A recent survey conducted by the Public Opinion Foundation has revealed that the Chinese yuan has become the most popular foreign currency for savings among Russians. The respondents were presented with a hypothetical scenario in which they were given a large sum of money in rubles and asked to choose a foreign currency in which to convert and store it in a savings account for five years. Approximately 32% of the respondents favored the Chinese yuan as their preferred currency, followed by the euro at 26% and the US dollar at 23%.
The survey also found that the preference for the Chinese yuan is consistent across most age groups, with the exception of young people. Russians under the age of 30 are more likely to choose euros (34%) or dollars (36%) for their savings, while the Chinese yuan received only 32% of the votes in this age group. However, among Russians with university degrees, the Chinese yuan is the first choice for 41% of respondents.
In addition to the Chinese yuan, other foreign currencies that made the top five choices for savings among Russians include the British pound (3%) and the Turkish lira (2%).
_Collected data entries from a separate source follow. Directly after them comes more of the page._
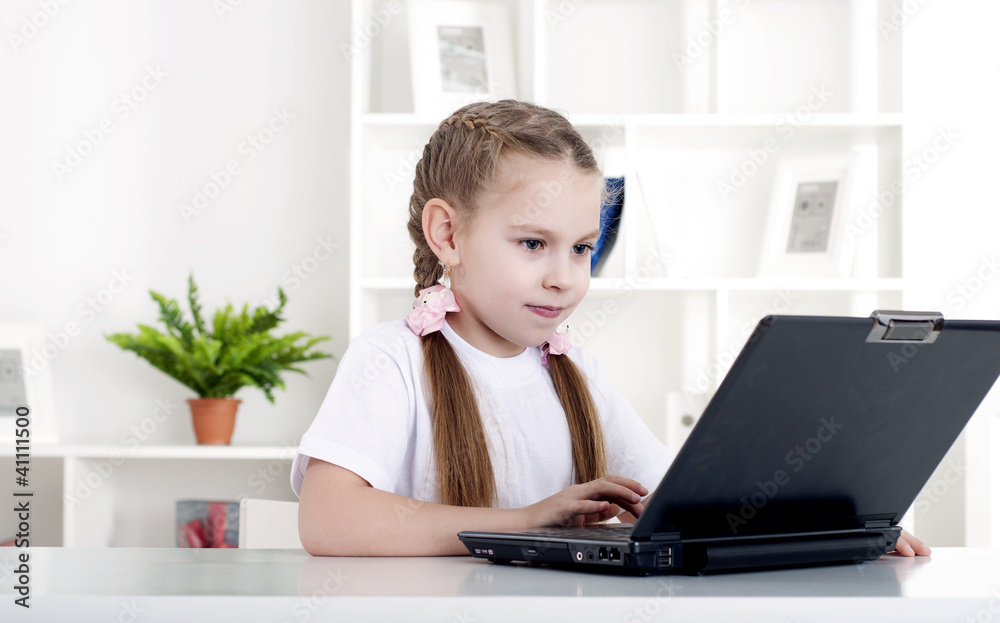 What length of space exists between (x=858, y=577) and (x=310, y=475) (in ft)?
1.76

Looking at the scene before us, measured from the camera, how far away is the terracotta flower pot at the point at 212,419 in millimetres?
2195

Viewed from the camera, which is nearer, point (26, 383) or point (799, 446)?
point (799, 446)

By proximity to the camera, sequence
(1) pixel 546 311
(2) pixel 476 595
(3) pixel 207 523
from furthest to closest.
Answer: (3) pixel 207 523, (1) pixel 546 311, (2) pixel 476 595

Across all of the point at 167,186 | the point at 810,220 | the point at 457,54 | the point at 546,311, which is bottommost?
the point at 546,311

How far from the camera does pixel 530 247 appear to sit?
3.53ft

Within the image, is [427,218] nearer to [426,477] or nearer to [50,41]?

There were also mentions of the Arab dirham, Swiss franc, Japanese yen (each receiving around 2% of the votes), as well as the Israeli shekel and Iranian rial (each with 1%).
Despite the popularity of foreign currencies for savings, the majority of Russians still prefer to keep their savings in rubles. 61% of the respondents stated that they would choose to keep their savings in rubles rather than opting for a foreign currency if given the choice.
The survey also touched upon the ruble’s exchange rate, and half of the respondents stated that they believed a stronger ruble against Western currencies would benefit the Russian economy. They believed it could help lower prices (9%) and improve the living standards of Russians (5%). Only 16% of respondents believed that a weaker ruble would be more beneficial for the economy.
Earlier this week, the Russian ruble experienced a drop to a 16-month low against the dollar and the euro. However, it was able to recover some of its losses later in the week after the Bank of Russia implemented a key interest rate hike to 12%.
Overall, the survey highlights the growing preference for the Chinese yuan as a savings currency among Russians, and sheds light on the varying preferences across different age groups and educational backgrounds. Meanwhile, the resilience of the Russian ruble in the face of recent fluctuations reflects the efforts made by the Bank of Russia to stabilize the currency and support the country’s economy.